After our previous post announcing our new facility, we noticed a lot of you asking the same question: “Why North Carolina?”
We know that there are a lot more EV drivers in places like California, Portland, and Seattle (our founders are from Washington, originally), but there are a number of very good reasons we decided to set up shop near Charlotte, NC.
The first thing that led us to North Carolina was how much friendlier it is to manufacturing and actually building things. There was a great pool of investors in that area, but most focused on software and design, but didn’t have a good grasp of the challenges and opportunities available building things instead of software. Investors and our partnering businesses in the area all understand businesses that build real, physical things, and that helps a lot.

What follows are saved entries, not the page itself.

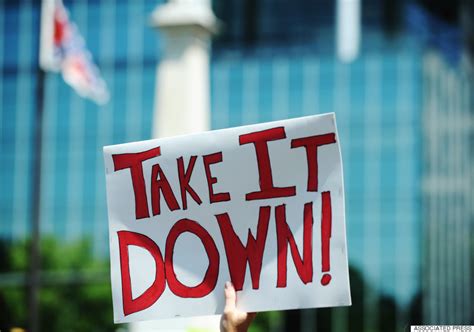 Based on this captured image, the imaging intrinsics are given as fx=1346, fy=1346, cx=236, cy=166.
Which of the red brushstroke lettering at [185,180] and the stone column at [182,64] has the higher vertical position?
the stone column at [182,64]

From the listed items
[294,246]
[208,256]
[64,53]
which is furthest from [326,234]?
[64,53]

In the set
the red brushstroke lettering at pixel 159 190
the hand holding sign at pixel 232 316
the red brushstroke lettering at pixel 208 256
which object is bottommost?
the hand holding sign at pixel 232 316

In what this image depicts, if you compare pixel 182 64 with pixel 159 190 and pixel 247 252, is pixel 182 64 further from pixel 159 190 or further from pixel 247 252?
pixel 247 252

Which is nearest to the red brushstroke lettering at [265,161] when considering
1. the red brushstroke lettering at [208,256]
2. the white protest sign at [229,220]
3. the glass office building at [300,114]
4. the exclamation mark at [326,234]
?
the white protest sign at [229,220]

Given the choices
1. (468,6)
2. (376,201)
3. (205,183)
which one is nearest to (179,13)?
(205,183)

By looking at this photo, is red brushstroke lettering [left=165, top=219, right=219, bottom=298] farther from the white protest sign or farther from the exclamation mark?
the exclamation mark

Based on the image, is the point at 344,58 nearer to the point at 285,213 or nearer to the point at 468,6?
the point at 468,6

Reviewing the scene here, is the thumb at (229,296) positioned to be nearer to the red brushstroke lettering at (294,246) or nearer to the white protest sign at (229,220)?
the white protest sign at (229,220)

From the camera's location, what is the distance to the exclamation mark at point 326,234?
3977 mm

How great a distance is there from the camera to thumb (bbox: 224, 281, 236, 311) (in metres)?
4.07

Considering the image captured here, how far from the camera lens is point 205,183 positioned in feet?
13.9

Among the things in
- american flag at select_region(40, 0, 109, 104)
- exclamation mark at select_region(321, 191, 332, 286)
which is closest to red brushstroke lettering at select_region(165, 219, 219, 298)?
exclamation mark at select_region(321, 191, 332, 286)

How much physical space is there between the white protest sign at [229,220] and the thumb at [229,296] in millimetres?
24

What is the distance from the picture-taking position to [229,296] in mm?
4090
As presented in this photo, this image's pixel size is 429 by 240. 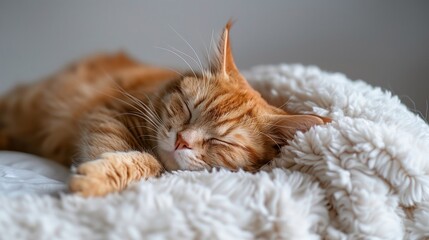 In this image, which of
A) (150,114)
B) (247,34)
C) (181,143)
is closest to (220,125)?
(181,143)

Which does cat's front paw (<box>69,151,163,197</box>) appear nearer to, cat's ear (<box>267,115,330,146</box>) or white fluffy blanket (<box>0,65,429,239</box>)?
white fluffy blanket (<box>0,65,429,239</box>)

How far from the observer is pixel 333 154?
1.07 meters

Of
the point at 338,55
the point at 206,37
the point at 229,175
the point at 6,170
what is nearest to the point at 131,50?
the point at 206,37

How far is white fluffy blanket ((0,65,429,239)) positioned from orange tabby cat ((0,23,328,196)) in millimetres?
81

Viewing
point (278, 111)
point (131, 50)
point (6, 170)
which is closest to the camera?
point (6, 170)

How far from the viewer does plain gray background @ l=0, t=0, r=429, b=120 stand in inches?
81.7

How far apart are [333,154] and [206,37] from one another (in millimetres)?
1567

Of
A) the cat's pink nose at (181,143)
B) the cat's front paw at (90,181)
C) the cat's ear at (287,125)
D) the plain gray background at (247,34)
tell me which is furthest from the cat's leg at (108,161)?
the plain gray background at (247,34)

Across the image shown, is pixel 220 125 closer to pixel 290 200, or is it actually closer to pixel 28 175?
pixel 290 200

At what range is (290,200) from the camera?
3.24ft

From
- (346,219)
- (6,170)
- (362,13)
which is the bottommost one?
(6,170)

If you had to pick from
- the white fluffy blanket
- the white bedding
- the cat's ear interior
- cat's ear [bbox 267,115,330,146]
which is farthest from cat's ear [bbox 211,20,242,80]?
the white bedding

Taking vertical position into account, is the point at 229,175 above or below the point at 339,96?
below

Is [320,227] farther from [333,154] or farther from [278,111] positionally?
[278,111] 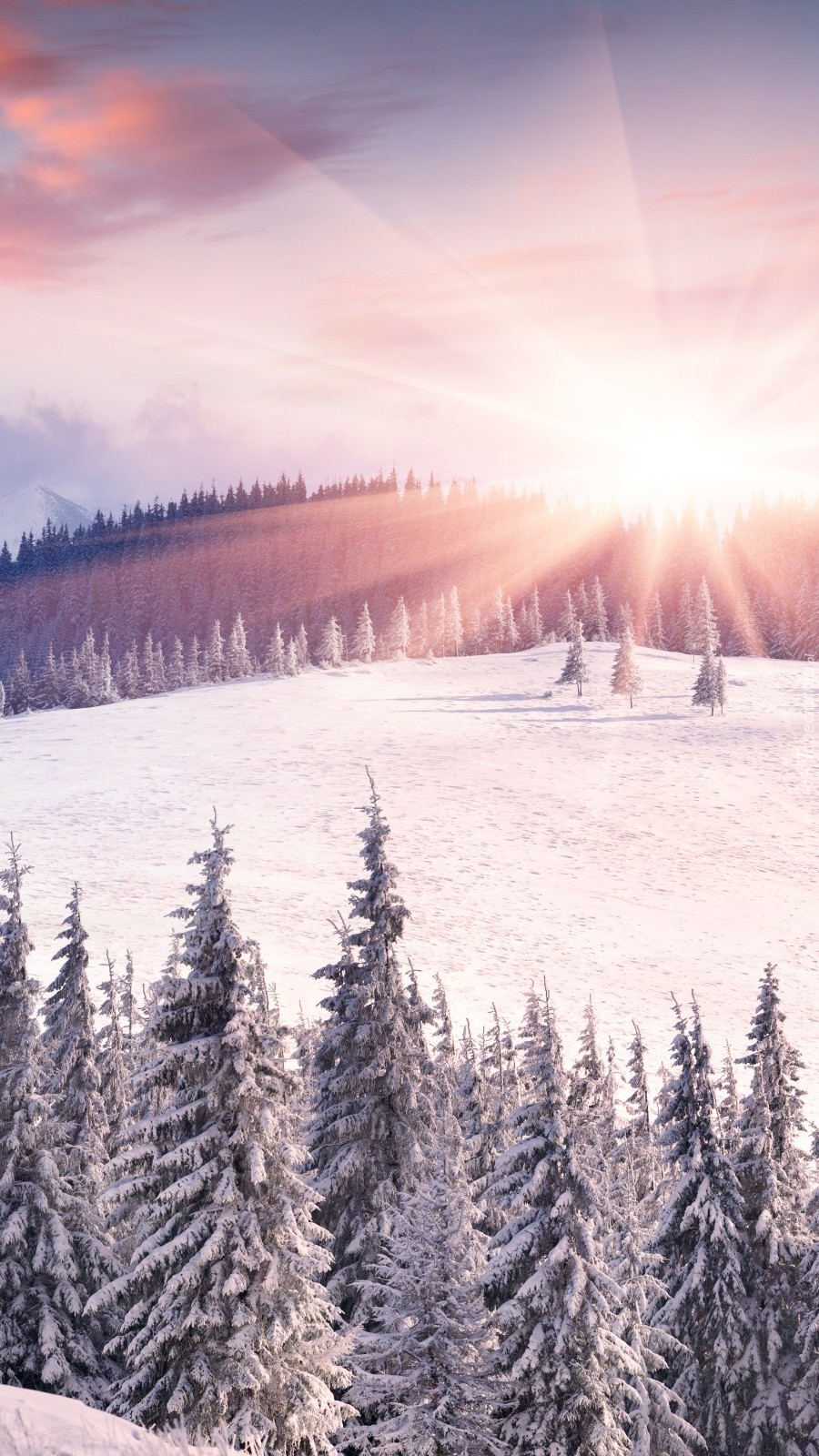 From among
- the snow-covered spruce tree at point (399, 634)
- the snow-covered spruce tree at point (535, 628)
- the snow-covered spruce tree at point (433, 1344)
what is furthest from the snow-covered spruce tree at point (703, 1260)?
the snow-covered spruce tree at point (535, 628)

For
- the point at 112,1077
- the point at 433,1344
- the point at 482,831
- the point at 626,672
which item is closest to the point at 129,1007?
the point at 112,1077

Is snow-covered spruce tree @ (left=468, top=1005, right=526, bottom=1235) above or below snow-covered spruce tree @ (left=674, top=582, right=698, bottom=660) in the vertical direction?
below

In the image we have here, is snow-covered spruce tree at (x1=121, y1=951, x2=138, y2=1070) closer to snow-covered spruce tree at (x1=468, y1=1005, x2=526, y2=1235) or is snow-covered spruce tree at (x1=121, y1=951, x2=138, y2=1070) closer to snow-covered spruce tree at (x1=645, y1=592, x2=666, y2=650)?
snow-covered spruce tree at (x1=468, y1=1005, x2=526, y2=1235)

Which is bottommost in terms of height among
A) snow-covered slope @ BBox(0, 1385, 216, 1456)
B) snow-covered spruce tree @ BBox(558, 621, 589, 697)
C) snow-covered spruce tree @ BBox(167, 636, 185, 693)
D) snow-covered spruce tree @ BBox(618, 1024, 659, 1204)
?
snow-covered spruce tree @ BBox(618, 1024, 659, 1204)

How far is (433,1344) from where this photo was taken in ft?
35.3

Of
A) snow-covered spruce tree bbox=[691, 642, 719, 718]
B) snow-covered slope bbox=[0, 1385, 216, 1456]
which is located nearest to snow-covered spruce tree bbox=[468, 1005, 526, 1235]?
snow-covered slope bbox=[0, 1385, 216, 1456]

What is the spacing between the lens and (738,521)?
163875 millimetres

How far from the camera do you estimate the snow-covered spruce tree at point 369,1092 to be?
14211 millimetres

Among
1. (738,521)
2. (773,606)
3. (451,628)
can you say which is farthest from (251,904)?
(738,521)

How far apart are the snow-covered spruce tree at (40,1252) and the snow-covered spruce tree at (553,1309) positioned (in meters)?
5.85

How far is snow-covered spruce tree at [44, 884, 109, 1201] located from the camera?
16.7 m

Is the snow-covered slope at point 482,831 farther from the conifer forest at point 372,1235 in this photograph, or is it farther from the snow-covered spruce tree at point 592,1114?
the conifer forest at point 372,1235

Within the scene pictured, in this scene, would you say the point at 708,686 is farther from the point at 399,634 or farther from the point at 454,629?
the point at 454,629

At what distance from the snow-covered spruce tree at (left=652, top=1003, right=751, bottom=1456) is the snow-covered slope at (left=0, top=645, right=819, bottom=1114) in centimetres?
845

There are also much greater challenges in terms of government regulations on the west coast. We intend to run a safe and environmentally friendly operation, but won’t run into as much roadblocks and red tape here.
Positive Things in North Carolina
The advantages to this area aren’t all in the negative. This part of the country also has a lot going for it.
One thing people from other places tend to underestimate is North Carolina’s EV scene. “When I first got to North Carolina, I went to an EV meetup near Asheville,” said our CEO John Bysinger. “More EVs showed up there than to any meetup I had ever attended in Seattle–easily three times as many.”
The truth is, the Piedmont area between Birmingham, Alabama and Raleigh-Durham, NC is going through a lot of rapid change. While not known like Silicon Valley or the major east coast cities for innovation or wealth, that is something that has been changing for decades.
America 2050, a study project identifying regions with great growth happening in the early 20th century, identifies the Charlotte area as part of a greater “megaregion” that includes the Piedmont, Memphis, and Nashville. We have everything from vehicle manufacturing (including the Nissan LEAF) to space industry in our region.
The low cost of living and high quality of life in the Southeast are two reasons for this megaregion’s booming population,” the America 2050 page says. ” The region is facing challenges associated with its growing population, such as increased traffic congestion, runaway land consumption, and inadequate infrastructure, which it hopes to address with sustainable solutions.”
While we already have large cities like Atlanta and Nashville, we are in a unique position throughout the rest of the region to build our growing cities smarter and more robust than other established cities that are dealing with major congestion and pollution issues. Even our large cities still have room for improvement and change that the megacities on the coasts do not enjoy.
Along with this opportunity comes a lot of startups we have the pleasure and opportunity to work with. While we can’t list them right now, we know that our area, and the surrounding region, is a great place to do sustainable business.